Resolution and Bandwidth

The images produced by remote sensing can be classified by resolution and bandwidth. Resolution refers to the size of the image captured by the smallest pixel (picture element) in the image. The highest resolution data commercially available from satellite-based sensors as of around 2000 is one meter–that is, the smallest pixel in the image corresponds to an area of 1m by 1m on the ground. More detailed imagery typically requires the use of aerial photography. Bandwidth refers to the wavelengths recorded by the sensor. They may be panchromatic (producing black-and-white images) or specific to certain parts of the spectrum, such as visible red, green, blue, and near-infrared bands, or other (longer or shorter) bands that are not visible to the naked eye. If information is recorded for two or more wavelength bands, the image is described as multispectral.

Each of the various land cover categories on the earth's surface, whether natural or built, has a distinctive "spectral signature," the combination of wavelength values characteristic of that category of surface (such as bare soil, a specific type of vegetation, water, or an impervious surface like asphalt or concrete) but not of others. The aim in using remotely sensed data is to associate each pixel with a particular type of land cover. The higher the resolution (i.e., the smaller the pixel size), the more likely it is that the pixel will include only one type of land cover, and hence can be unambiguously categorized. The process of categorization is a crucial operation involving sophisticated statistical procedures, including new approaches drawing on "fuzzy" analysis.
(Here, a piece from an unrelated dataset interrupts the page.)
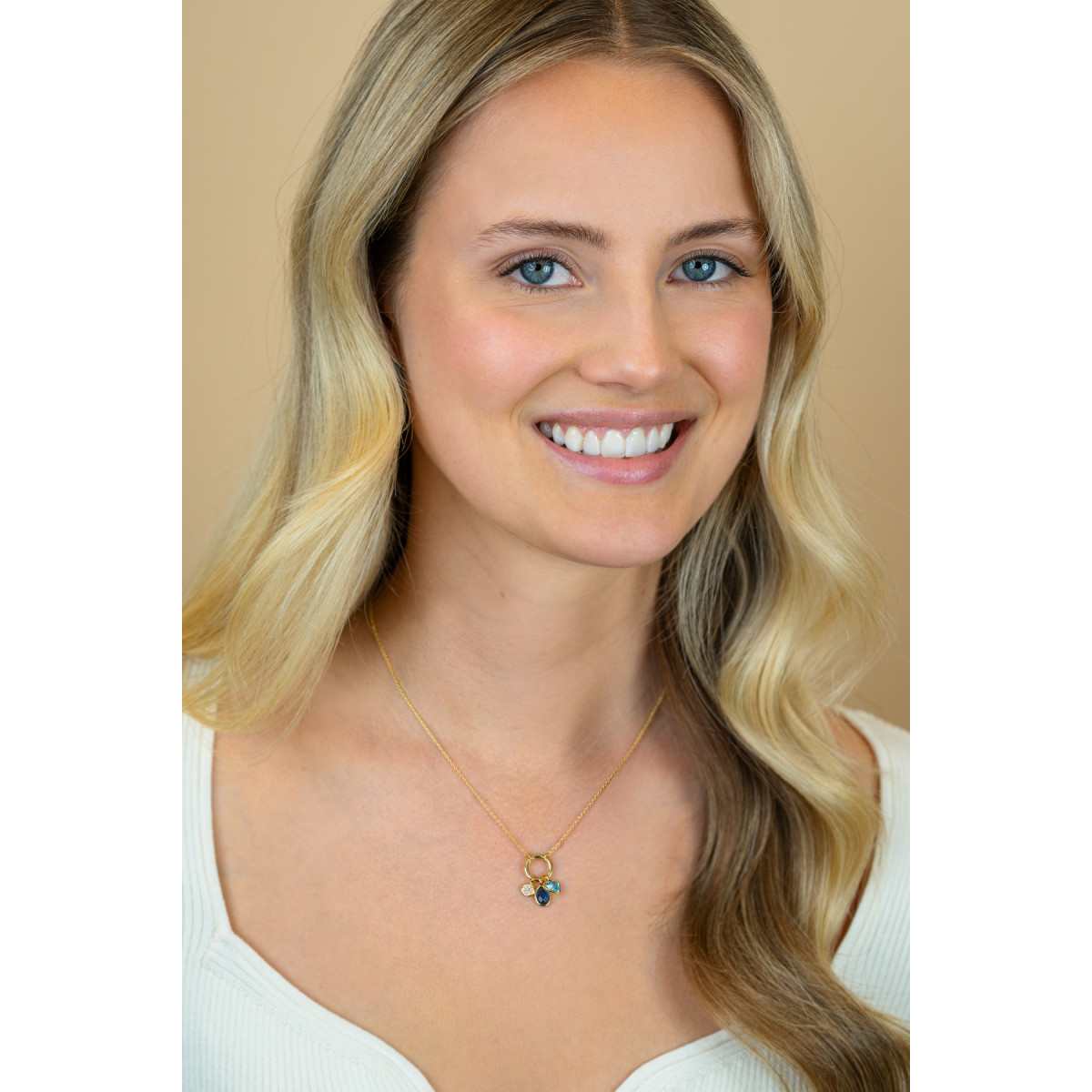 Zinzi ZIC2737 gold plated ketting met hanger hart en ovaal 10 mm breed - Lengte 42-45 cm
Major producers of high resolution panchromatic and multispectral satellite imagery include the Landsat Thematic Mapper images and IKONOS (USA), Spot (France), Indian Remote Sensing (India), and Spin-2 (Russia). The Earth Observing-1 (EO-1) satellite launched by NASA in 2000 is capable of measuring 220 spectral bands at 30m resolution.

Remote Sensing in Demographic Analysis

For demographic analysis it is necessary to combine the data from remotely sensed images with locallevel information from censuses, vital statistics, surveys, or administrative data. This is done within a geographic information system (GIS), which allows the matching of two or more sources of data for each small geographic area such as a census tract.

Remote sensing has been used in a variety of ways in demographic analysis, particularly for estimating population size and distribution, assessing the human impact on the natural environment, and examining characteristics of urban settlement.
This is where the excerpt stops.